## TASK DIRECTIONS
Give back all of the data exactly as it stands, with the pictures removed.

++++ DATA FOR THIS TASK

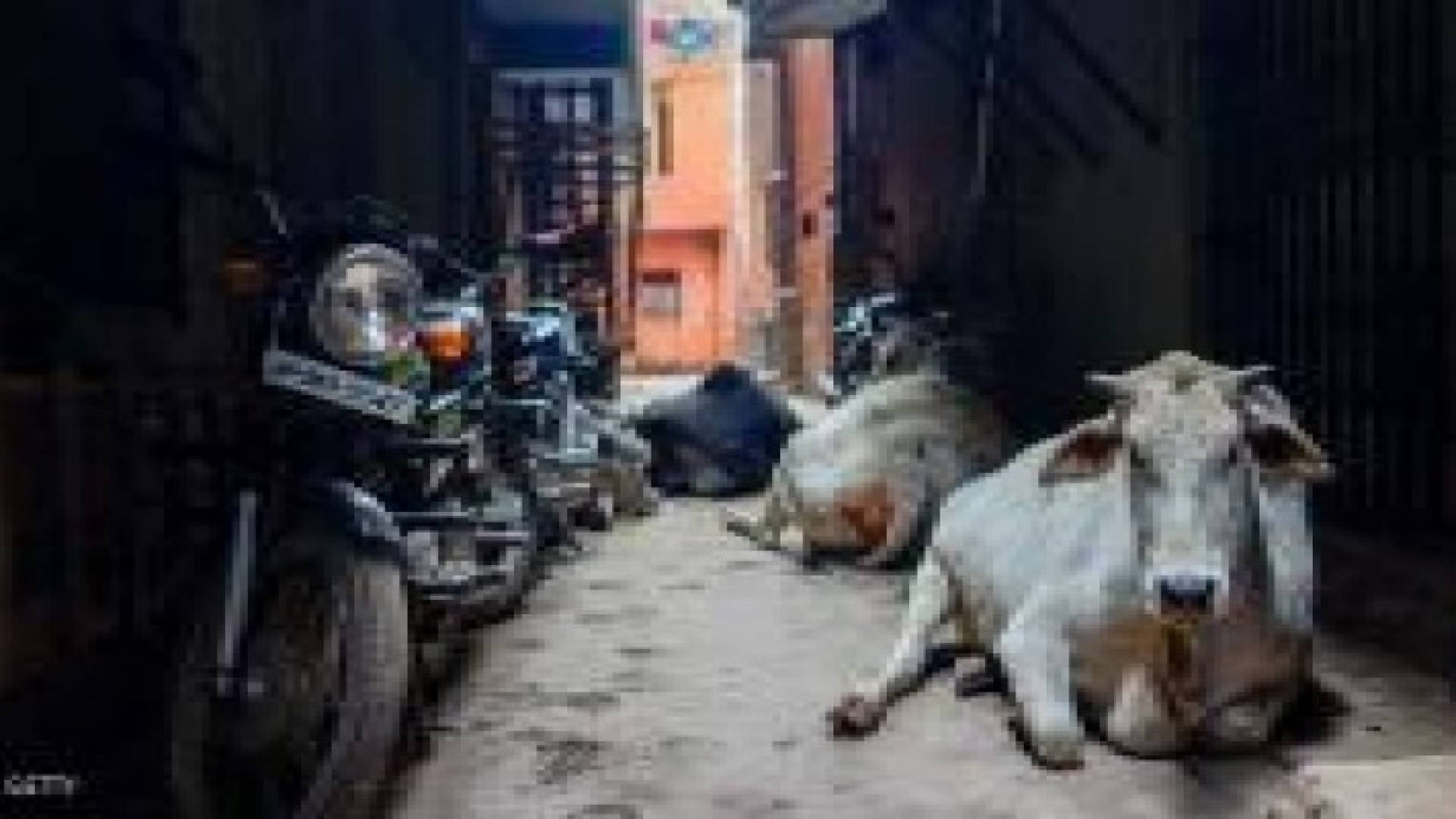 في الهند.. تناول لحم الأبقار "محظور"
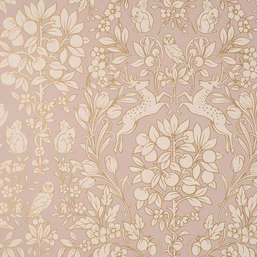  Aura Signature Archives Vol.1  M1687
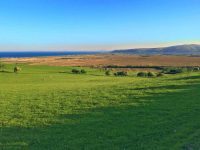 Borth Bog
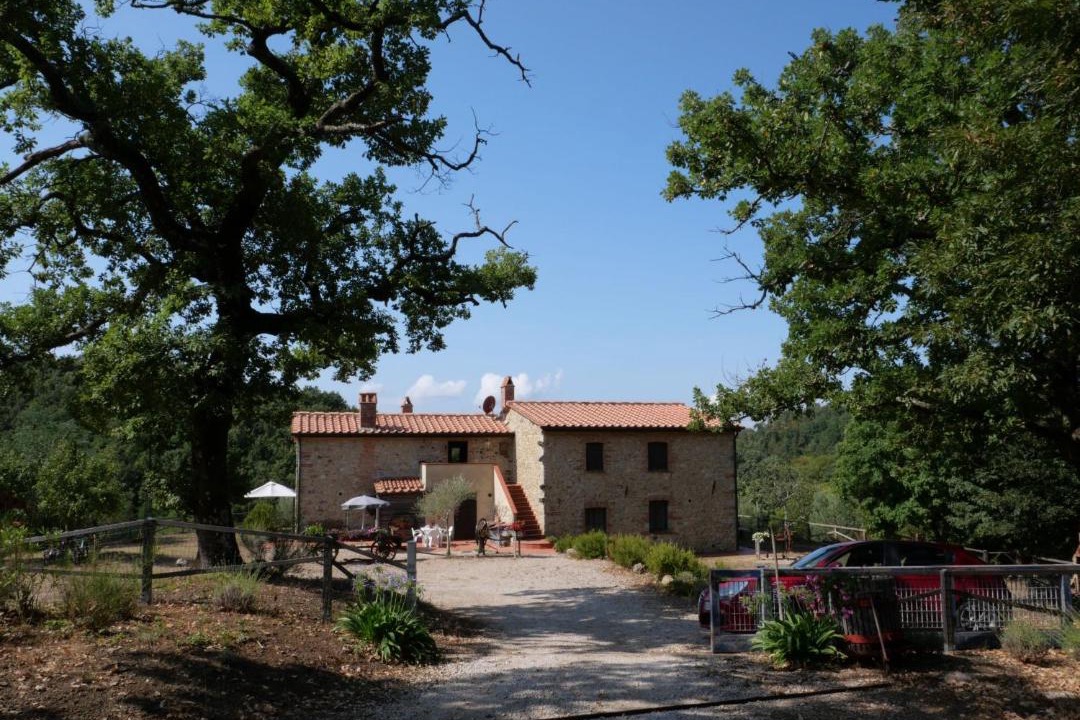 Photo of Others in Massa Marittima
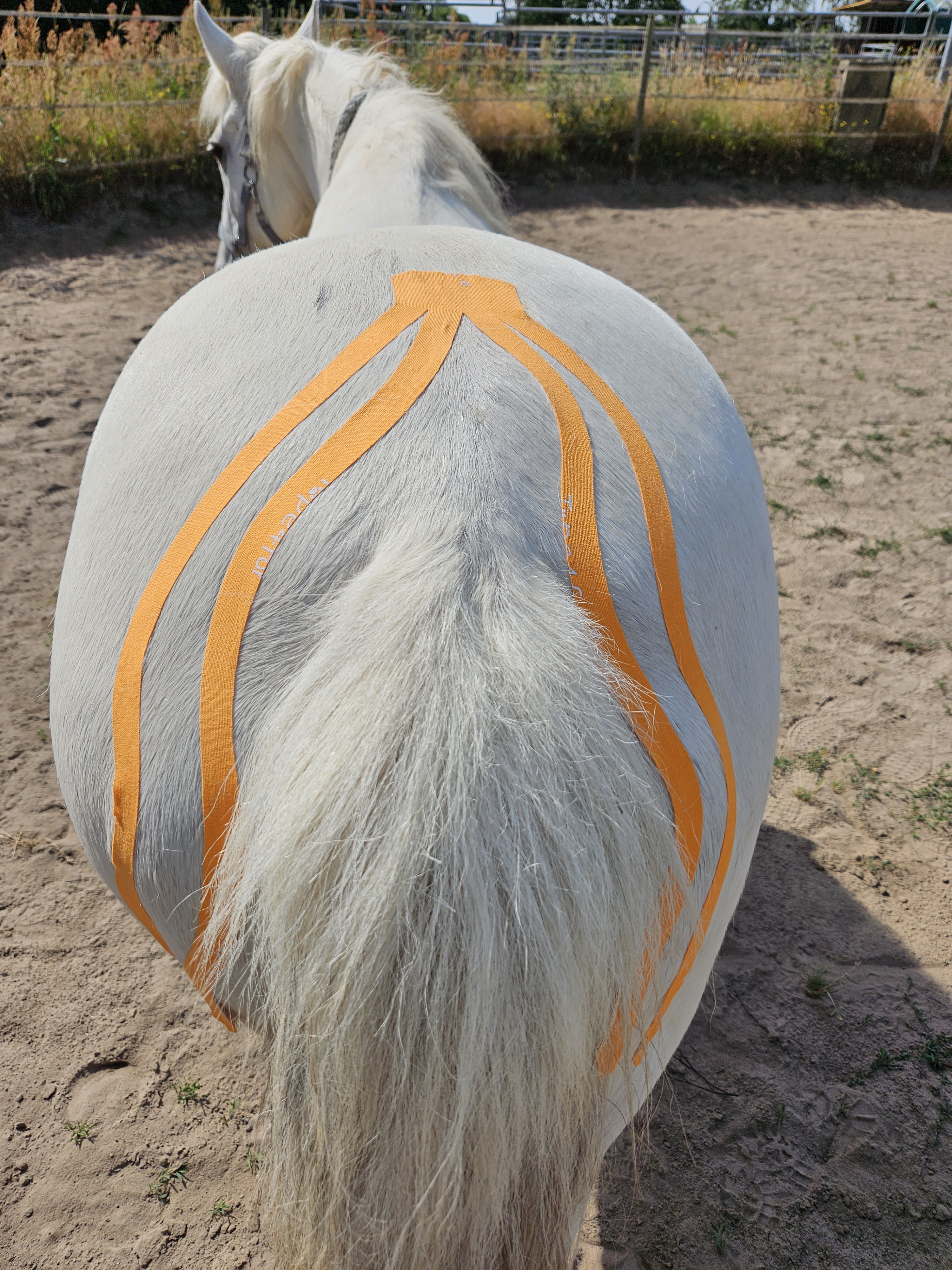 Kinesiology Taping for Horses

++++++++

## EXERCISE RESPONSE
 في الهند.. تناول لحم الأبقار "محظور"
  Aura Signature Archives Vol.1  M1687
 Borth Bog
 Photo of Others in Massa Marittima
 Kinesiology Taping for Horses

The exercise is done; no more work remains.